I’d never heard of Charles Burgess, but the Florida setting and the excellent writing had me suspecting that Burgess was a previously unknown pseudonym for Day Keene or Harry Whittington or Talmage Powell. The book doesn’t really read like the work of any of those authors, however, and a bit of subsequent investigation turns up the fact that Burgess wrote another hardboiled novel called BACKFIRE, apparently published only in Australia. I don’t think he was Australian, though. He had at least one story in MANHUNT in the late Fifties, and he wrote a number of true crime stories for various detective magazines. If I had to guess, I’d say that’s probably his real name, and he might well have been a reporter since many of them wrote those true crime yarns as a sideline. But that’s purely guesswork on my part.

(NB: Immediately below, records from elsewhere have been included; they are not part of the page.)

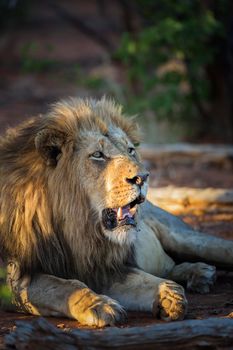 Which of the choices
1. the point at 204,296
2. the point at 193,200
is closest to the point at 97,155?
the point at 204,296

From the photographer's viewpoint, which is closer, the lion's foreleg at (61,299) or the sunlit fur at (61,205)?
the lion's foreleg at (61,299)

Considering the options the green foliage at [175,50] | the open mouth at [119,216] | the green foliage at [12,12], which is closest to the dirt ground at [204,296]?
the open mouth at [119,216]

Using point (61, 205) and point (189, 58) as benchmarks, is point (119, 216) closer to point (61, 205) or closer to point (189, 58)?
point (61, 205)

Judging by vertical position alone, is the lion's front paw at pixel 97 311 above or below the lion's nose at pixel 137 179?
below

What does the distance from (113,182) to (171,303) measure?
67 centimetres

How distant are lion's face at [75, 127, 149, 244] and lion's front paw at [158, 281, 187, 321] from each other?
0.36 meters

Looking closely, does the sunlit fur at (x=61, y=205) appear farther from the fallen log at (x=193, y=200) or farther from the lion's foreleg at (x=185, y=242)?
the fallen log at (x=193, y=200)

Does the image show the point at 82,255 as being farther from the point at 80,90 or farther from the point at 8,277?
the point at 80,90

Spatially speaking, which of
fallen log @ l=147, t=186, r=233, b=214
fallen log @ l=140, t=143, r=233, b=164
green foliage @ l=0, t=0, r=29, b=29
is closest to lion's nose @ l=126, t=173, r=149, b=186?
fallen log @ l=147, t=186, r=233, b=214

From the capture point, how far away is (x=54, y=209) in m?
4.57

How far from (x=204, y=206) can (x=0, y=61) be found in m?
12.3

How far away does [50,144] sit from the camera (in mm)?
4527

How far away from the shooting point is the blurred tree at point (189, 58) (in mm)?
10367

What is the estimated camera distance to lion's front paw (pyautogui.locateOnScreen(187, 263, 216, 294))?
16.8 feet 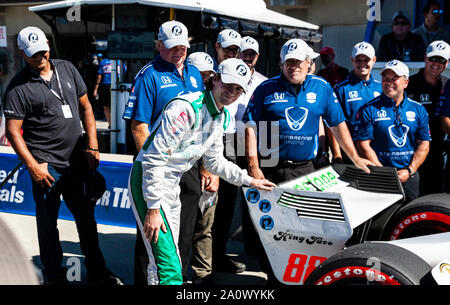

As for THE OTHER WOMAN, I enjoyed it quite a bit. Although the affair between Neil and Emmaline is what the whole plot hinges on, there’s really not much sex in the book, only a few scenes that don’t go on very long. I’m a little surprised Beacon published it. It’s more of a solid mystery novel with a reasonably clever solution. It reads very much as if Burgess wrote it intending to try to sell it to Gold Medal or Ace, and when it didn’t click at one of those houses, he sexed it up a little and sent it to Beacon. We’ll never know if that’s true, of course, but you can tell from that description what sort of book this is. I liked it, and if you’re a fan of noirish, hardboiled mysteries, I think THE OTHER WOMAN is well worth reading.